The user does not get a guaranteed bandwidth through the peering connection. That's absurd. And it's not a single user we're talking about, it is the aggregate of all the users who may be streaming one video each, but all together managing to overload the peering connection.

The problem with assuming something is obvious when your interlocutor points out it isn't is that when you are wrong and/or ignorant, you don't discover it. You are experiencing that in this situation.

If you set up a peering connection for a certain amount of bandwidth, and then have to install new hardware to increase the bandwidth because more people are trying to use high-bandwidth low-latency services through that gateway, there is a cost. I shouldn't have to "make a case" for something so obvious.

Even with the bandwidth offered by comcast/tw, one user streaming video does not tax the bandwidth that user is paying for. It might seem like it does, but only because it is being actively throttled by the ISP. The amount of bandwidth provided by a google fiber connection is over one order of magnitude greater than the bandwidth being offered by comcast/tw. You are correct that users doing more things requires more bandwidth. You are *greatly* underestimating the amount of bandwidth which is actually available. Given the amount of bandwidth provided by google, every user could simultaneously stream 10 high quality videos and have plenty of bandwidth remaining.

An analogy with a comcast connection would be having a router in your house letting two people browse the internet at once. Does this double the amount of bandwidth used? Yes. Is the amount of bandwidth used still trivial? Yes. Does this doubling of bandwidth use require comcast upgrade their infrastructure? No, because it was expected and accounted for in the initial deployment of said infrastructure.

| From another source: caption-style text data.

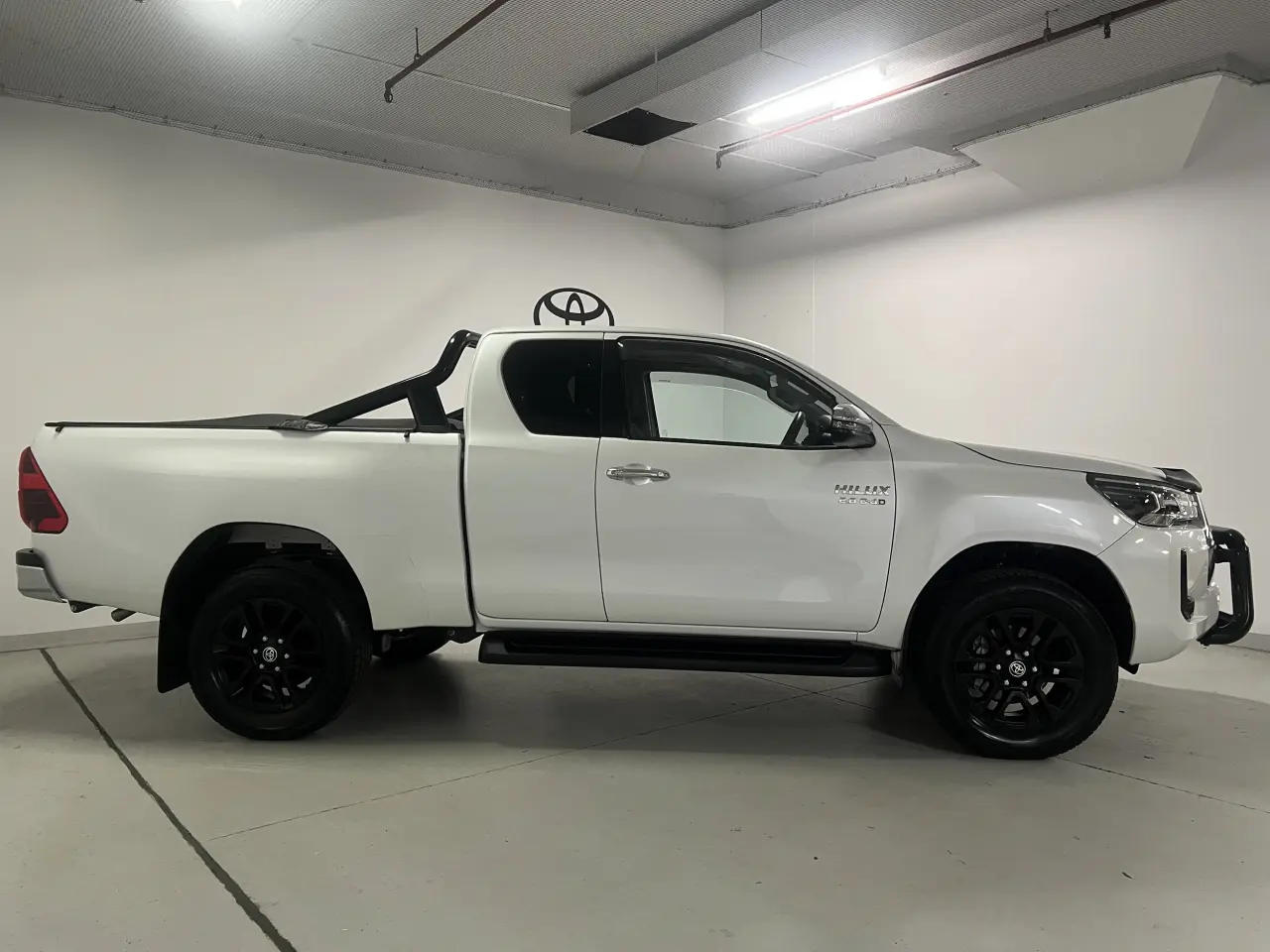 2023 TOYOTA HILUX Gallery Image 4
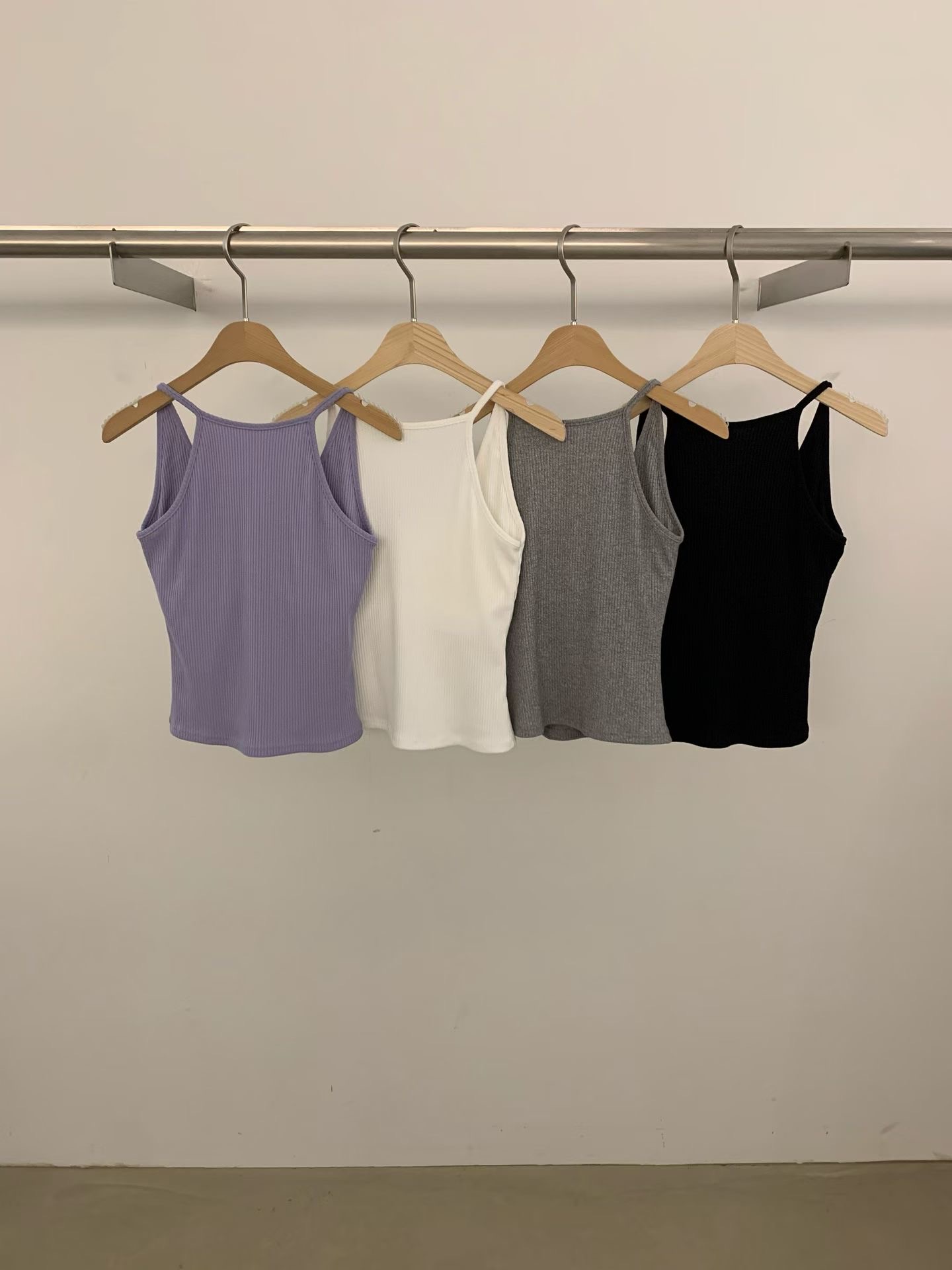 ERIN U-NECK PADDED TANK TOP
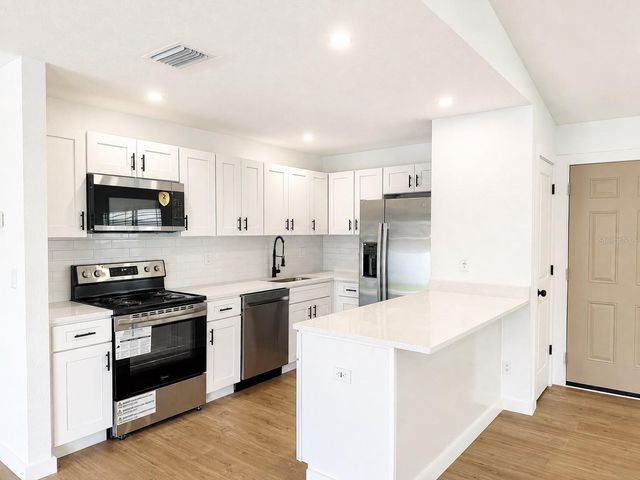 3386 39TH STREET S B, St Petersburg, FL 33711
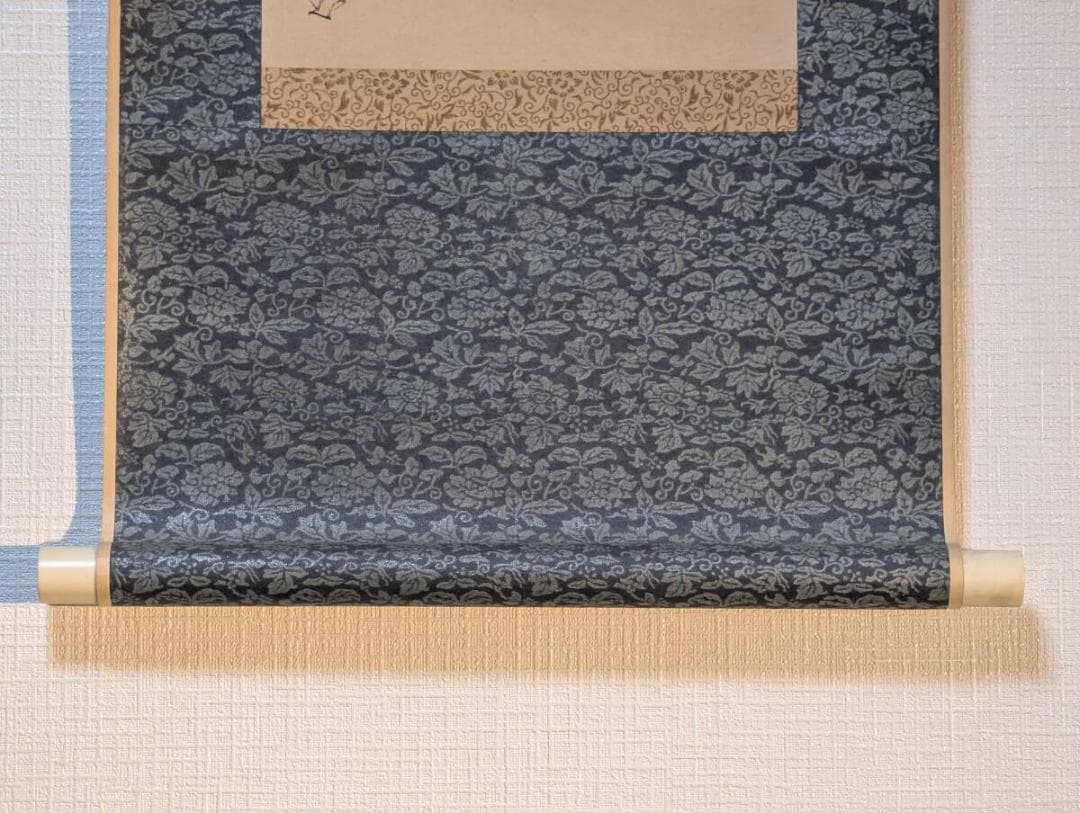 【真作】掛軸　かな書詩句　柔らかな線と余情の美　詩情豊かな一幅の言葉　T131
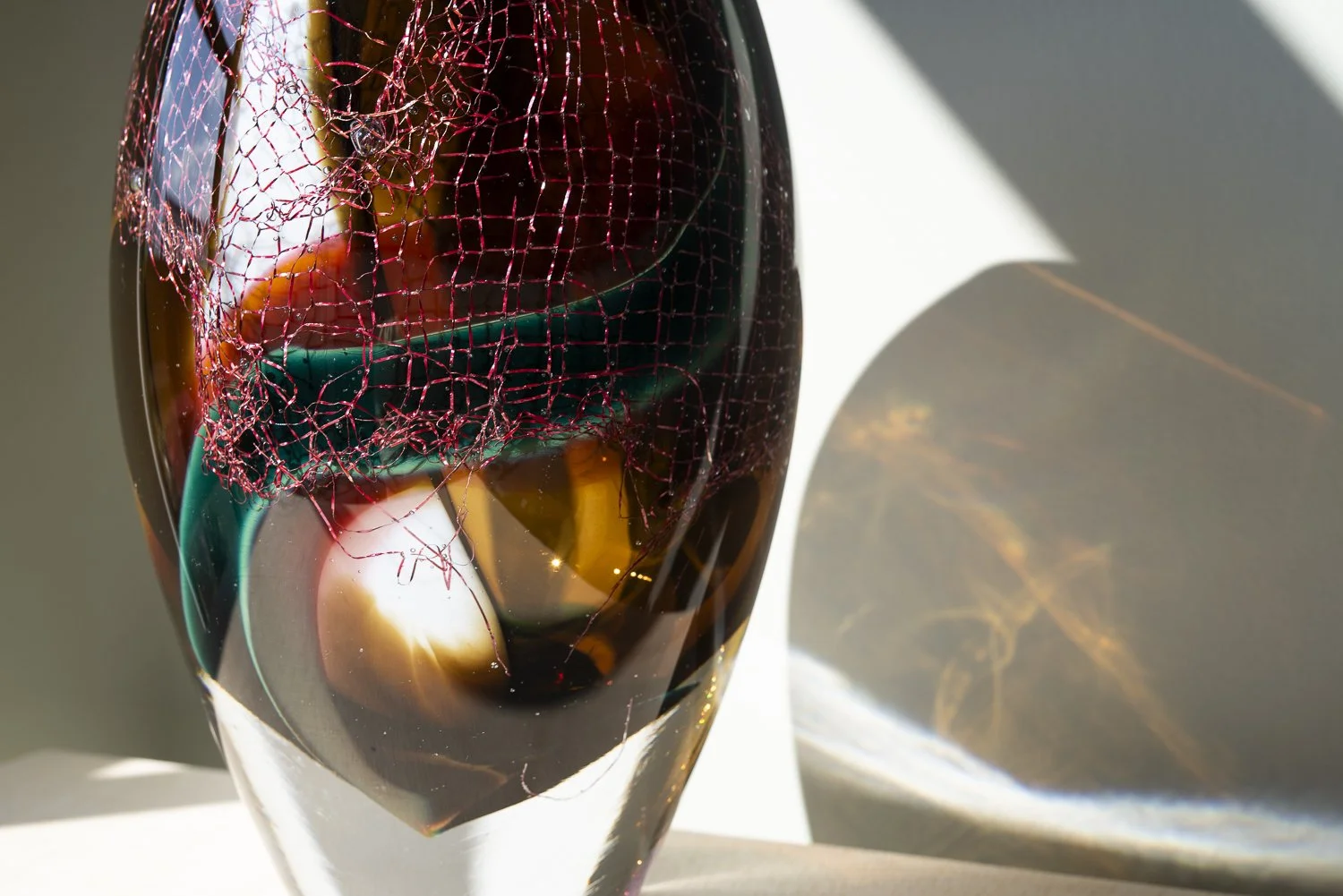 Detail of the fine copper mesh enclosed within reddish glass in Francisca Snel’s Crystal Clear #14.
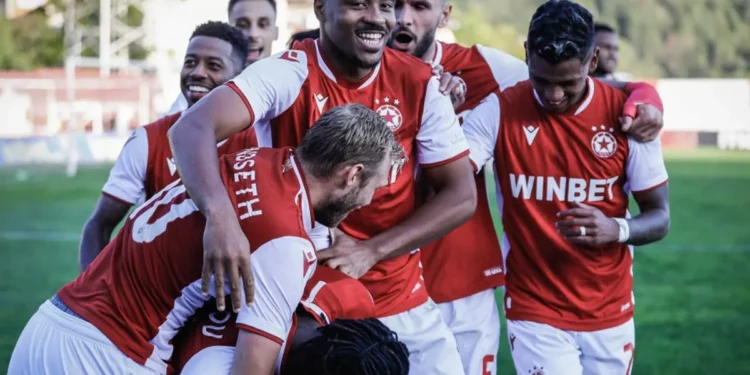 ЦСКА Балансира Мечтите за Купата и Европейските Надежди Преди Решаващ Мач в Първенството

Comment Re:We don't make money from peering or colocation (Score 2) 238

If you use gmail and google search then you are splitting some pretty fine hairs. Ya they would have a more complete picture if they were your isp but... they know a whole hell of a lot without that (which you are willingly providing). I'd argue they already know the most sensitive information.

Comment Re:Fuck seaworld (Score 1) 194

Dogs aren't wolves. A wolf will kill you if it thinks it can and it's hungry. Very few dogs are dangerous. Further, dogs kept in tiny cages and never allowed to leave probably wouldn't actually live longer than their wild counterparts, though I'm speculating.

Nonetheless, I agree with your point that confinement is probably much more damaging to a water breathing animal than it is to an air breathing animal.

Comment Recession != bubble (Score 4, Insightful) 154

What about the current situation is bubble like? The wages of engineers? Certainly not. The fact that companies are being purchased? That has been the silicon valley model for decades; avoid the R&D costs for your large company by doing hardly any R&D and instead purchase whatever tech you think you need from the near-infinite number of startups clamoring for a payoff.

Are housing prices in a bubble? If so, that isn't exactly tech, and I don't think anyone could point to anything like this except maybe in San Francisco and Austin. Even so, the reason prices in those areas are high is due more to foreign investment than it is to geeks.

If any economic categorizations other than "normal" are appropriate than they are "depression" or "recession" rather than "bubble". I haven't perceived any significant change since 2008. Companies remain stingy. Unwilling to train. Unwilling to pay for the talent they need. Commonly using outsourced labor (which blows up in their face almost without fail). We work in an industry with extensive collusion among the major employers not to compete for employees (yes, this is still happening) and where no one is willing to form a union.

By what metric are we experiencing a bubble? Do we mean a negative bubble?